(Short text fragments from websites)
--*--

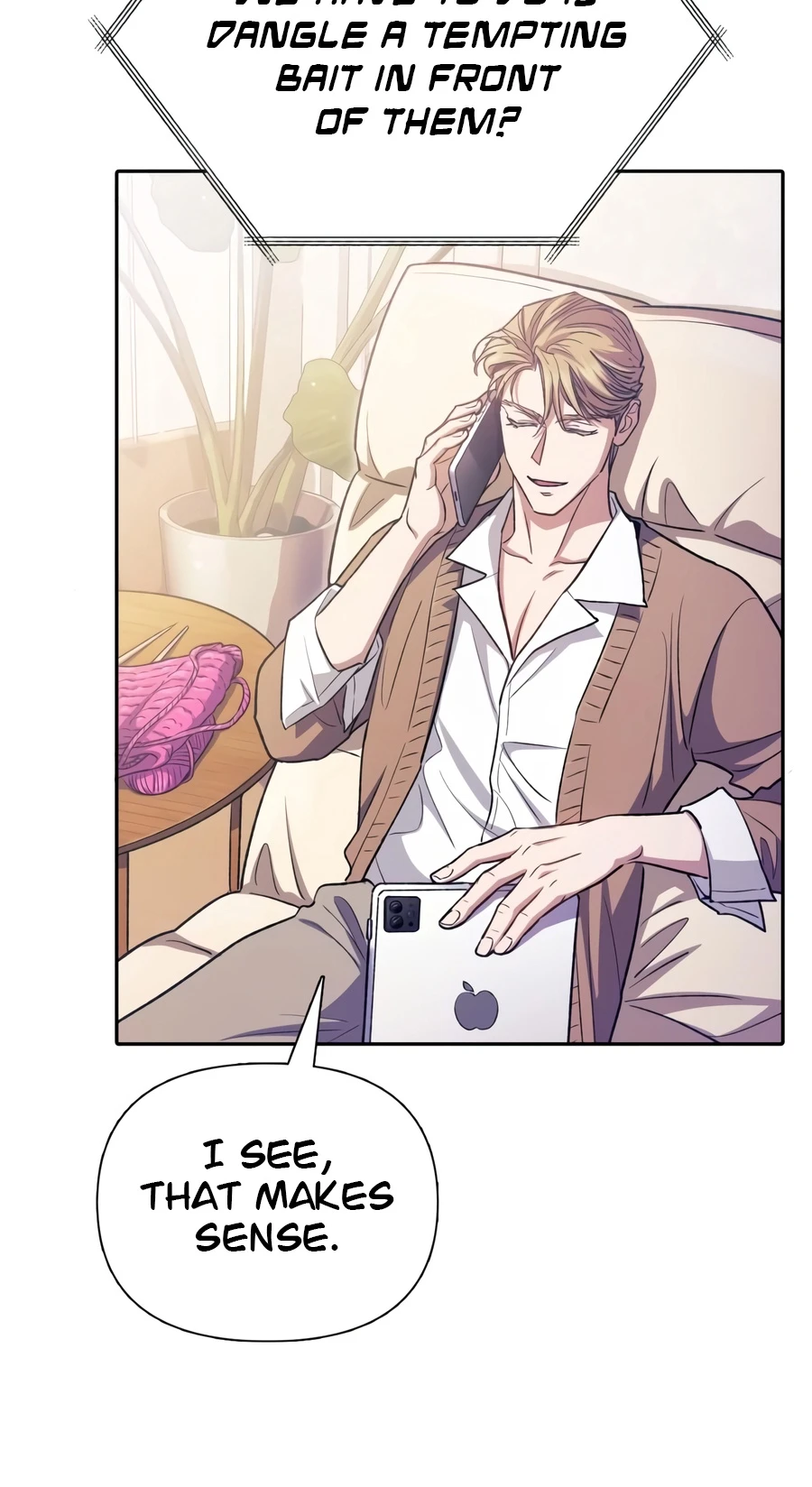The S-Classes That I Raised Chapter 175 page 5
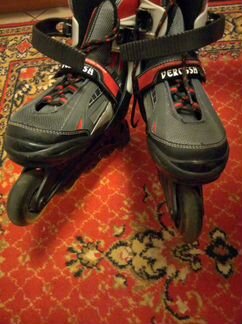 Ролики раздвижные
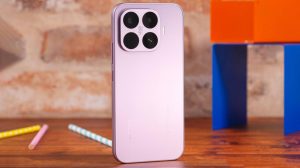 Xiaomi 17T — обзор смартфона с AMOLED 120 Гц, камерой с 5-кратным зумом и батареей 6500 мАч
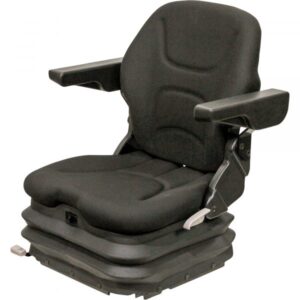 K&M Uni Pro Heavy-Duty Air Suspension Seat Fabric Model KM 1006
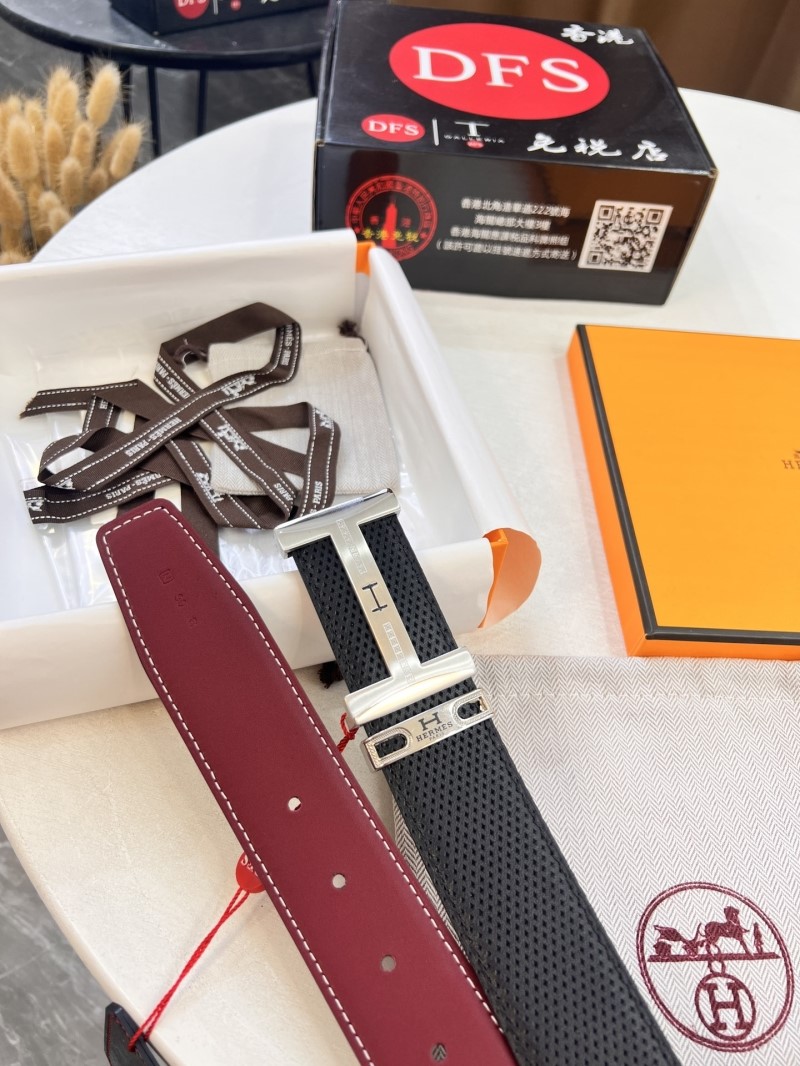 Hermes Belts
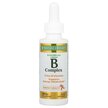 Фото використання B-Complex Sublingual Liquid, B-комплекс під язик, 59 мл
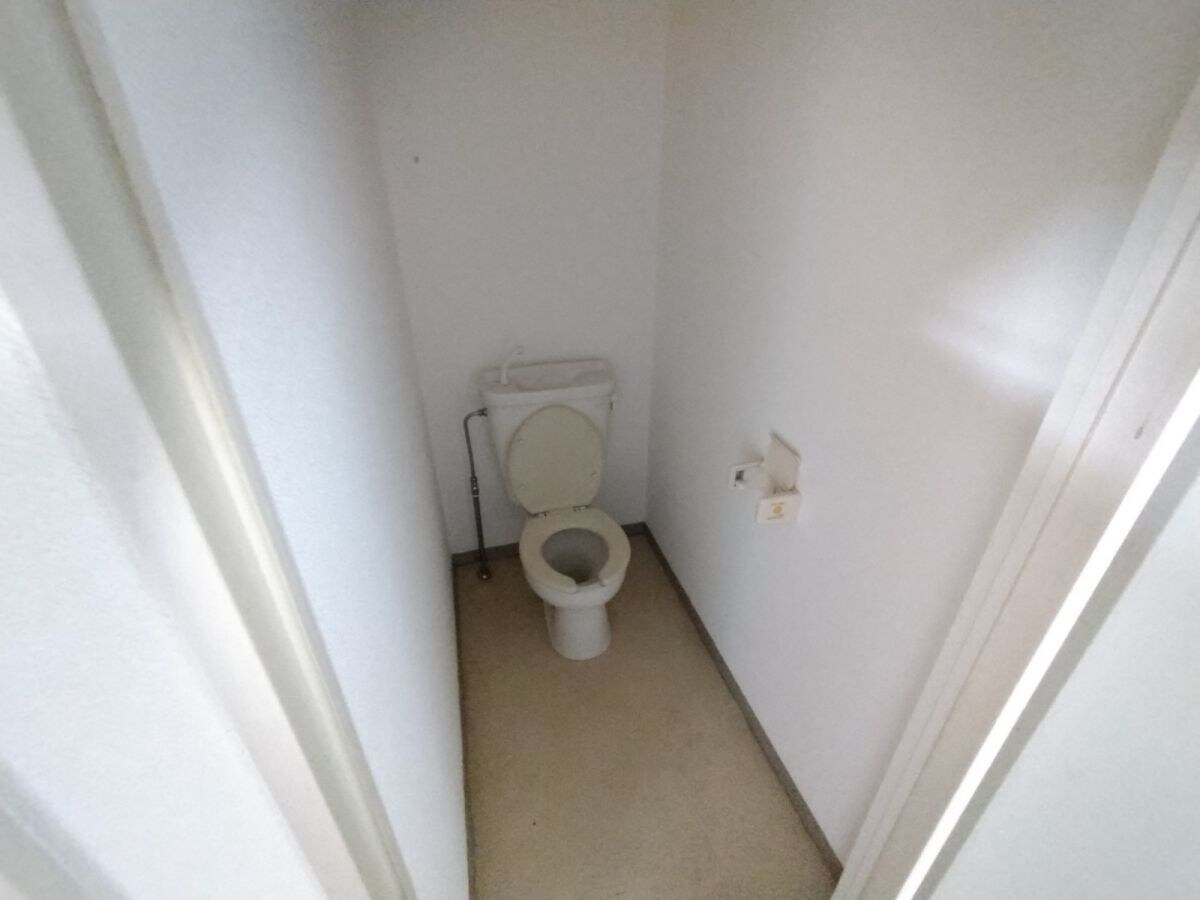 レオパレス上平間ＡＣＴの物件内観写真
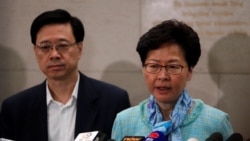 时事大家谈:前保安局长李家超接林郑?北京对香港又有什么盘算? 时事大家谈:前保安局长李家超接林郑?北京对香港又有什么盘算?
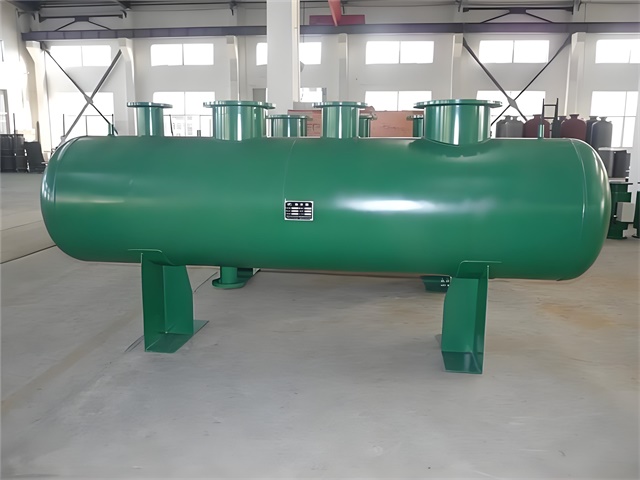 平远集分水器需要电源吗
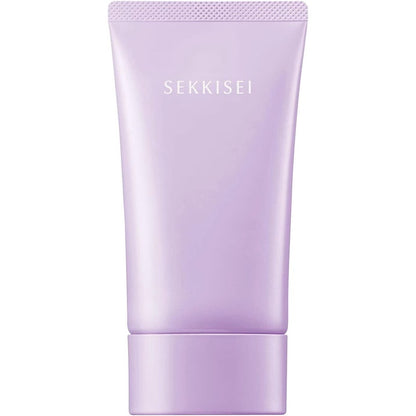 Kose Sekkisei Clear Wellness UV Sunscreen Essence - Milk (50mL) / Mild Milk (50mL) / Gel (70g) / Tone Up (70g)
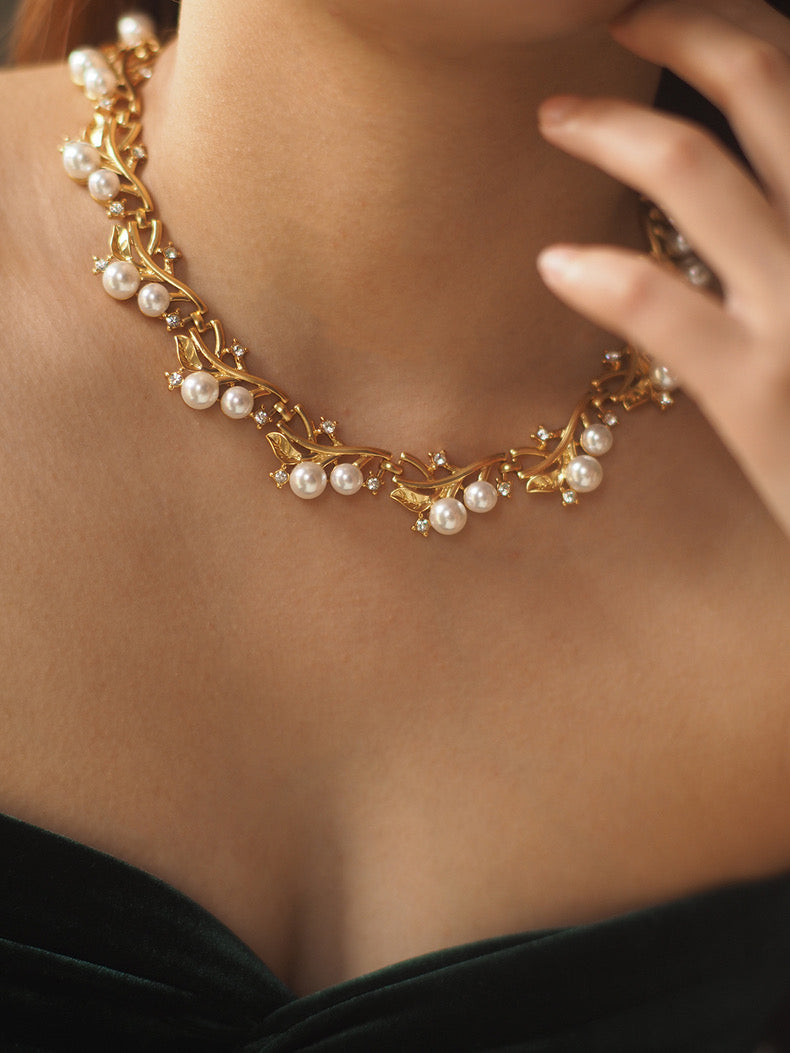 Miranda Necklace
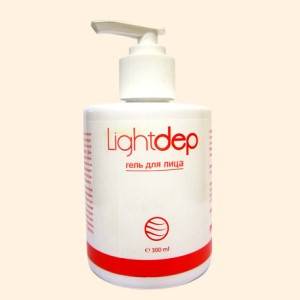Light Dep (Лайт Деп) крем косметологический Харьков - изображение 1
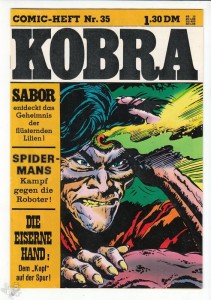 Kobra 35/1975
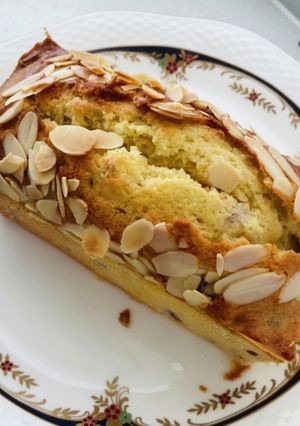 赤ワインのドライフルーツパウンドケーキ-レシピのメイン写真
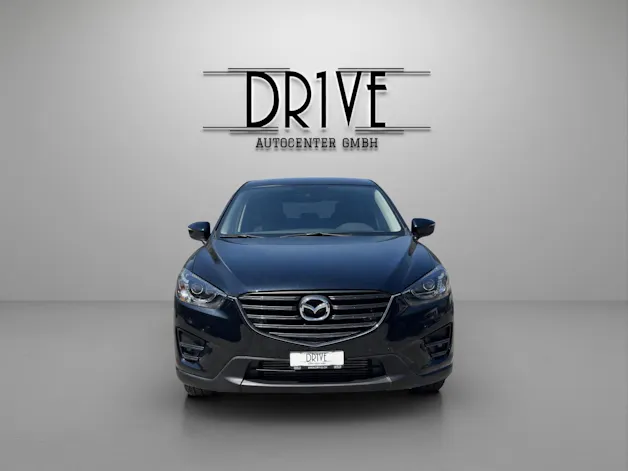 Mazda CX-5 2.0 Ambition AWD Automatic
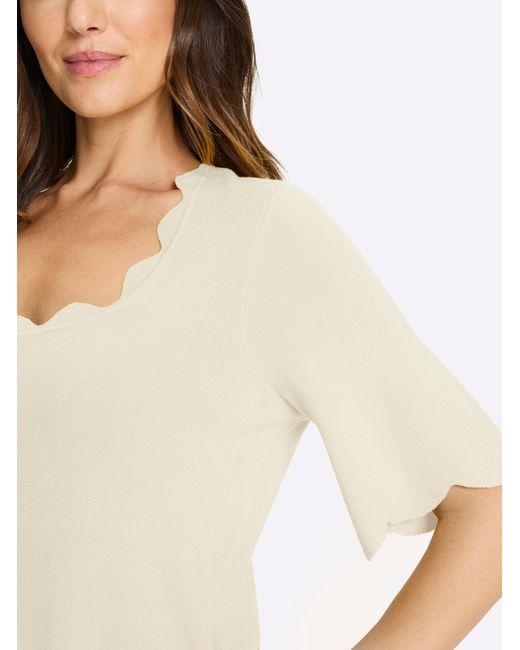 heine Natural Pullover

--*--

• Exercise goal:
Reproduce nothing but the lines running from the line with "Kobra 35/1975" through the end of the records, keeping both end lines and dropping the pictures.

• Answer box:
 Kobra 35/1975
 赤ワインのドライフルーツパウンドケーキ-レシピのメイン写真
 Mazda CX-5 2.0 Ambition AWD Automatic
 heine Natural Pullover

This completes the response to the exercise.